In the economics textbook Price Theory, by Steven E. Landsburg (5th ed., Southwestern Publishing, 2002), when reference is made to the Queen of Sheba, the biblical account is quoted from the King James Version (pp. 394-395). Then on page 470, in the midst of a discussion of transactions costs, the author uses the word riotous. Found three times in the Authorized Version (Proverbs 23:20, 28:7; Luke 15:13), this word has been removed by all modern versions—including the NKJV.

When Judge Roy S. Moore, chief justice of the Alabama Supreme Court (known as the Ten Commandments judge), unveiled a monument featuring the Ten Commandments in the Rotunda of the Alabama Judicial Building in Montgomery, Alabama, on August 1, 2001, the four-foot-tall granite sculpture had the Ten Commandments carved into the likeness of two stone tablets.

The Bible version used: the King James Authorized Version.
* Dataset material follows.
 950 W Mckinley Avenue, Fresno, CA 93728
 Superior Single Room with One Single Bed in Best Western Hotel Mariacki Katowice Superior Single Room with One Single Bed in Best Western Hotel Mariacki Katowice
Two things about this monument are worth mentioning. First, the monument was not constructed or installed with any tax funds. And second, attempts by Democrats to place a counter-monument featuring Martin Luther King’s 1963 “I have a dream” speech next to the Ten Commandments was not authorized by Judge Moore, who must approve all displays located in the Judicial Building.

In the religious realm, Wide as the Waters: The Story of the English Bible and the Revolution It Inspired (Simon & Schuster, 2001), by Benson Bobrick, does not even cover modern versions, ending its narrative with the King James Version. Alister McGrath, the general editor of The NIV Thematic Study Bible, recently penned, not a history of the NIV, but a detailed history of the AV called In the Beginning: the Story of the King James Bible and How it Changed a Nation, a Language, and a Culture (Doubleday, 2001).

Martin Manser’s I Never Knew That was in the Bible (Thomas Nelson, 1999), is a “fully revised and updated edition” of The King James Bible Word Book of 1994, which was itself originally published in 1960 as The Bible Word Book. Manser’s work “adds more than 300 new entries, including a large number of phrases commonly heard in everyday speech but not often recognized as having been used in the King James Bible.”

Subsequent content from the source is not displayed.